Economists polled by Reuters were expecting December NODX to fall 5.1 per cent from a year earlier.
Shipments to all of Singapore's top 10 NODX markets, except the US, Japan and Hong Kong, contracted in December, International Enterprise Singapore announced in a report on Monday (Jan 18).
NODX to China tumbled by 18.7 per cent in December, following the previous month's decrease of 9.1 per cent
On a month-on-month seasonally adjusted (SA) basis, NODX declined by 3.1 per cent last month, after November's 3.8 per cent decrease, due to the contraction in non-electronic exports which outweighed the flat growth in electronic shipments.

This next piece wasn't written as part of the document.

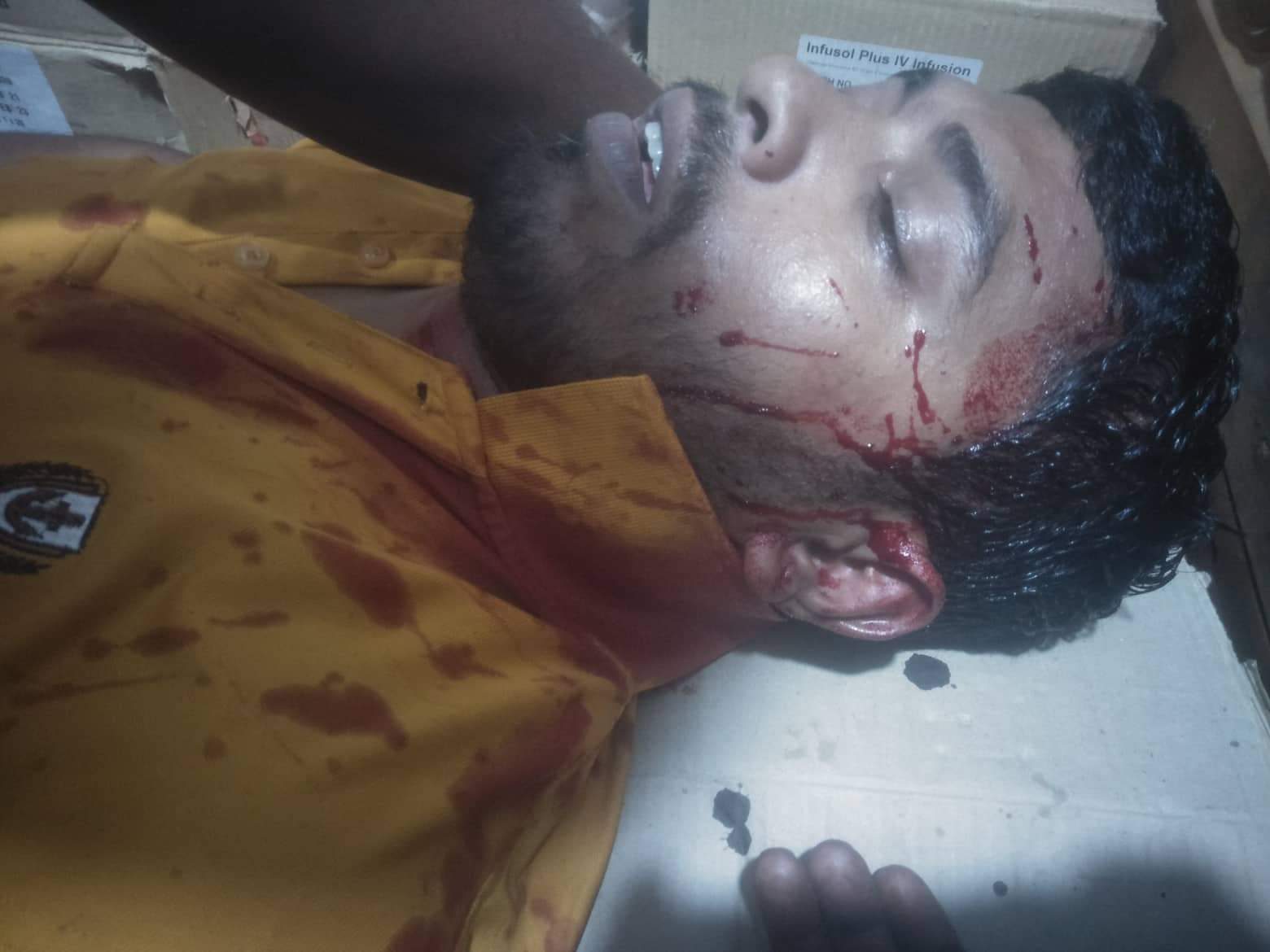 ভোলার ভেলুমিয়ায় পূর্ব শত্রুতার জের ধরে কুপিয়ে জখম।।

Here are some analysts' reactions to the latest trade figures:
ANZ economist Weiwen Ng:
When the advance GDP print was released for Q4, our base case was that that number would be subject to significant downard revision, because it's premised on October and November data. Of course it was also predicated on the strength of the retail sector, but retail sales ex-automotives hasn't picked up post the SG50 celebrations in August. In fact, it has remained rather flat. It's hard to envisage any growth drivers.
DBS economist Irvin Seah:
This is a broad-based decline with both electronics (-0.3 per cent year-on-year) and non-electronics exports (-10.3% YoY) on the decline.
That said, non-electronics exports are the main reason for the poor showing, led by petrochemicals (-17.5 per cent), primary chemicals (-41.8 per cent) and civil engineering equipment parts (-43.5 per cent). While one can easily blame the plunge in oil prices for that, weakness in global demand is the main story behind the numbers.

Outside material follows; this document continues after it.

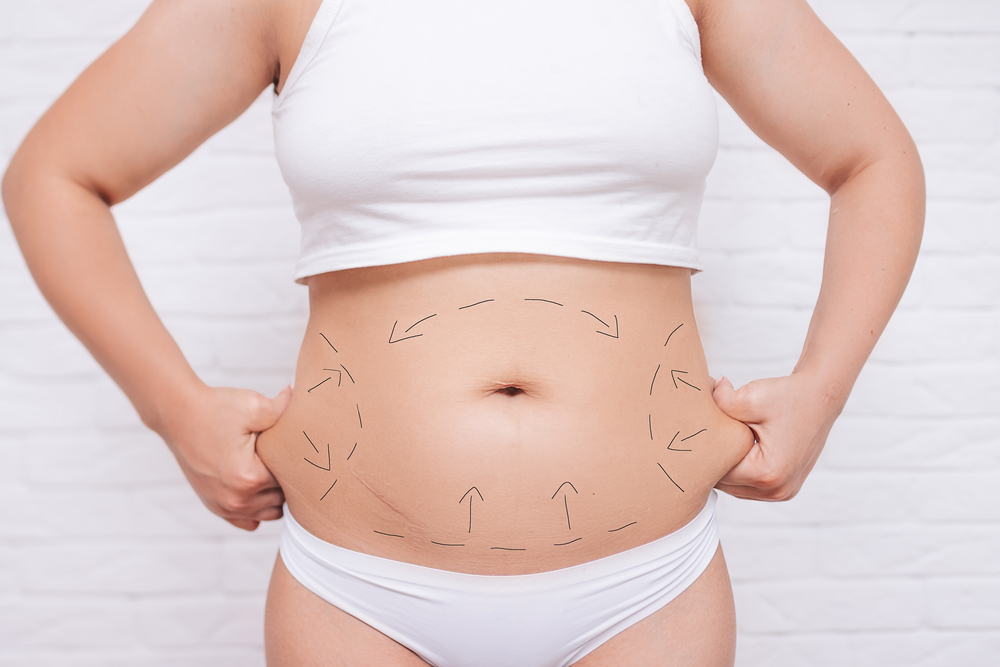 The Types of Body Contouring Offered at Mariposa Aesthetics & Laser Center | Mariposa Aesthetics and Laser Center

Exporters are indeed undergoing challenging times. Beyond the medium term structural decline, deceleration in China and an uneven recovery in the US are still weighing down on export performance. Moreover, a resilient Singapore dollar is another concern. Although the Singdollar has depreciated against the US dollar, it has been fair resilient against currencies of its key Asian export markets such as the ringgit and the yuan.

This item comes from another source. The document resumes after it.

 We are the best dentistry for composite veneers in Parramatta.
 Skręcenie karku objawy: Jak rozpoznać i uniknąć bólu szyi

Plainly, today's set of numbers is another reminder about the harsh environment out there. The implications are that the GDP figures for 4Q15 could be revised downwards and that the exchange rate policy is still on an easing bias. More importantly, such dire economic conditions will likely persist for the coming months judging from the outlook of the global economy. Brace yourself for a very cold winter.
Citi economist Kit Wei Zheng:
While monthly NODX data should be interpreted with caution, we nonetheless see rising odds of downward revision in Q4 GDP, though we will get greater clarity with the December industrial production data.
Should a downward revision in 4Q GDP (which seems likely) and 1Q16 GDP weakness bring average growth in these two quarters to less than 0.5 per cent quarter on quarter SAAR (seasonally adjusted, annual rate), we think odds of an April (monetary) easing would rise, despite the high hurdle placed by MAS (Monetary Authority of Singapore) for such a move.